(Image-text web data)

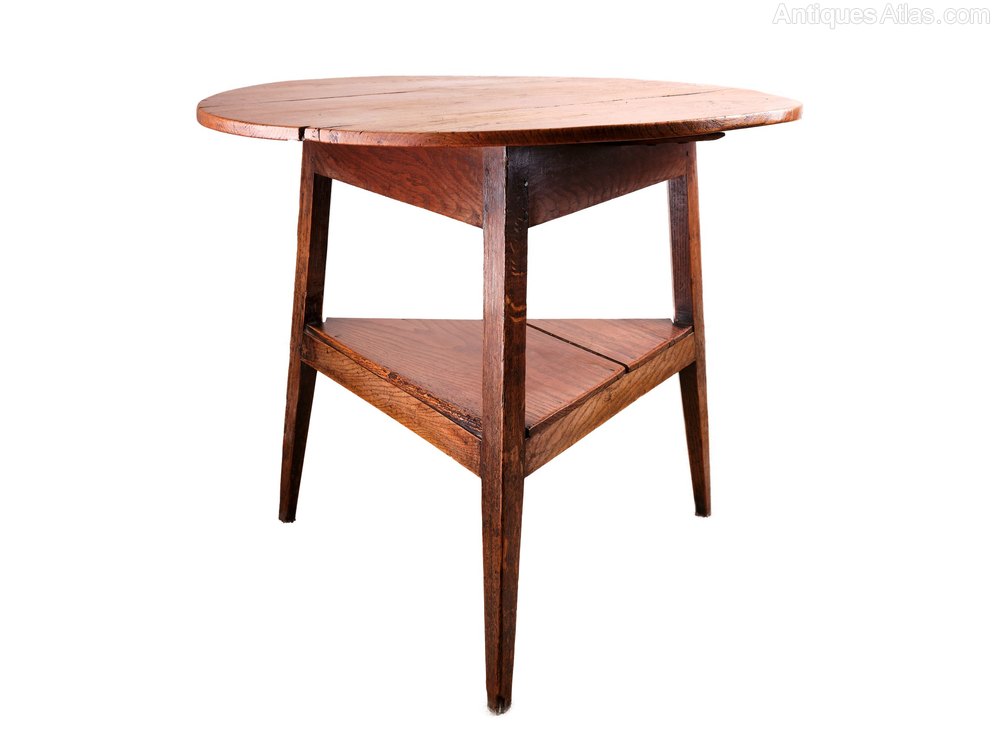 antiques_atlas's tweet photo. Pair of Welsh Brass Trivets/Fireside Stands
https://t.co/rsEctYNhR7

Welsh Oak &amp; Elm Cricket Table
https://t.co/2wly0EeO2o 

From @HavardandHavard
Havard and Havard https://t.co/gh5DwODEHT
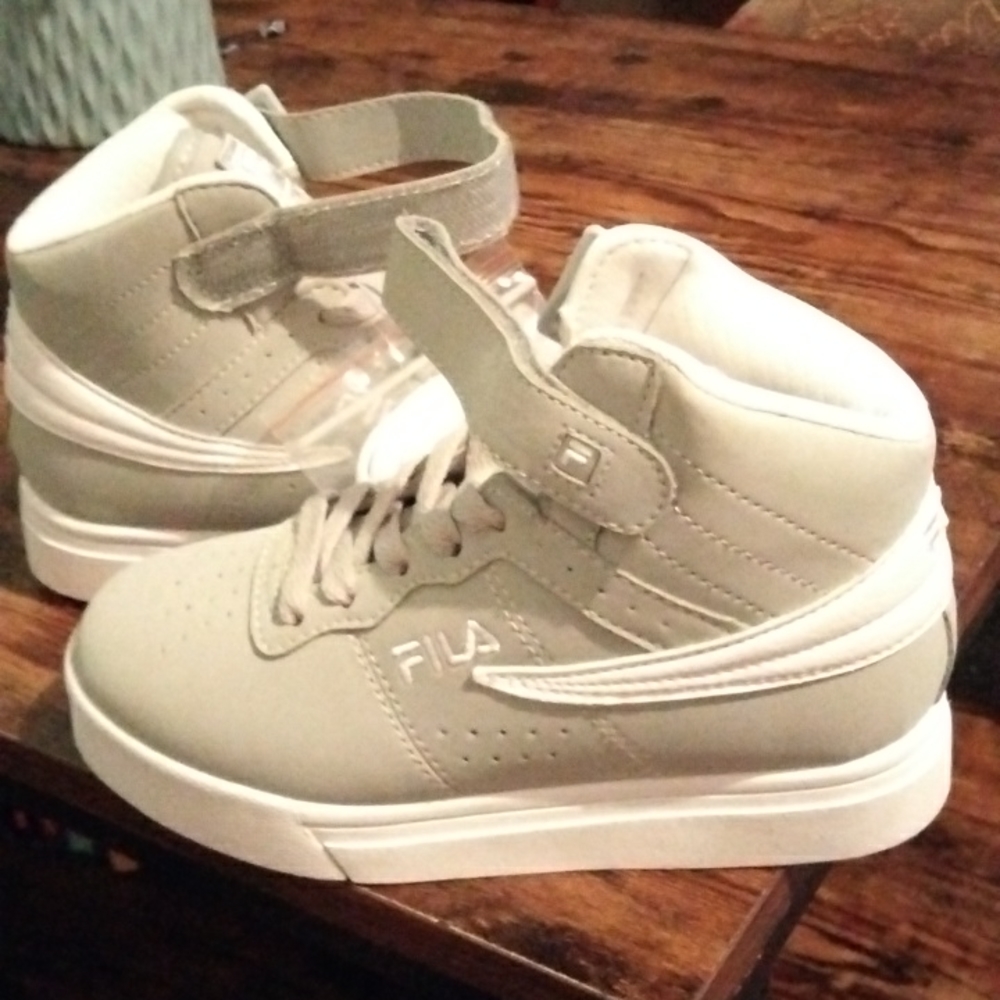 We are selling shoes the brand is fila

* **WHAT YOU SHOULD DO**: Print all of the data exactly, and do not carry over any pictures.

* **SOLUTION**:
 antiques_atlas's tweet photo. Pair of Welsh Brass Trivets/Fireside Stands
https://t.co/rsEctYNhR7

Welsh Oak &amp; Elm Cricket Table
https://t.co/2wly0EeO2o 

From @HavardandHavard
Havard and Havard https://t.co/gh5DwODEHT
 We are selling shoes the brand is fila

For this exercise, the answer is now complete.